Your instructions » Take the line containing "Used 2003 Toyota Matrix FWD image 12" through the last line of the data and retype those lines exactly. Pictures do not belong in the copy.

Provided material »

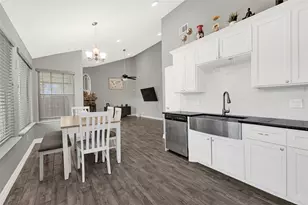 3018 Windy Royal Dr, Houston, TX 77045 - Photo 5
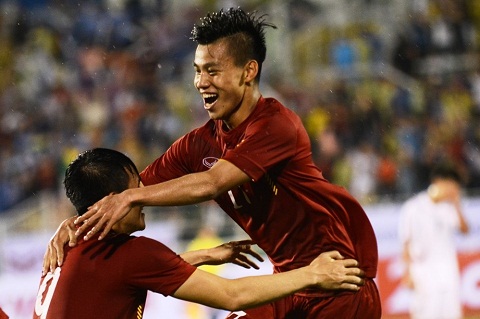 Điểm tin bóng đá sáng 31/12: Xuân Trường và Văn Thanh vào danh sách rút gọn QBV Việt Nam 2016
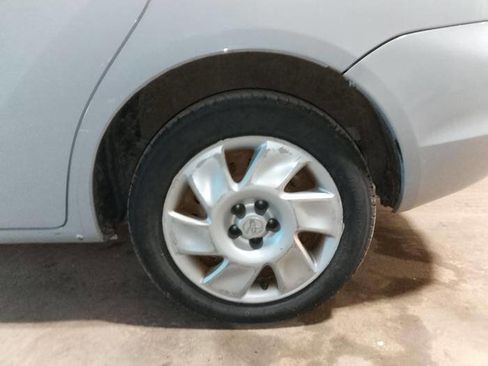 Used 2003 Toyota Matrix FWD image 12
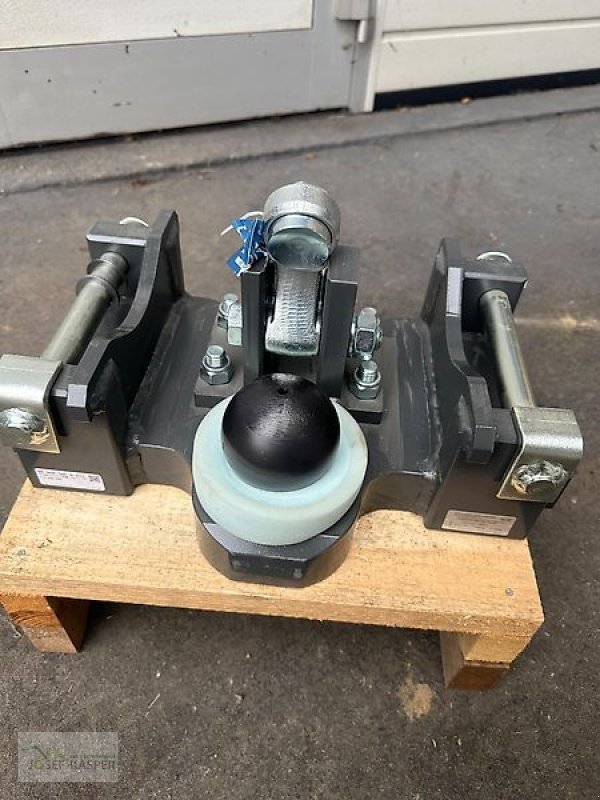 Sonstiges Traktorzubehör του τύπου Fendt K80 Festanbau - Zugkugelkupplung, 200er / 300er Serie, Neumaschine σε Alitzheim (Φωτογραφία 4)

Task response »
 Used 2003 Toyota Matrix FWD image 12
 Sonstiges Traktorzubehör του τύπου Fendt K80 Festanbau - Zugkugelkupplung, 200er / 300er Serie, Neumaschine σε Alitzheim (Φωτογραφία 4)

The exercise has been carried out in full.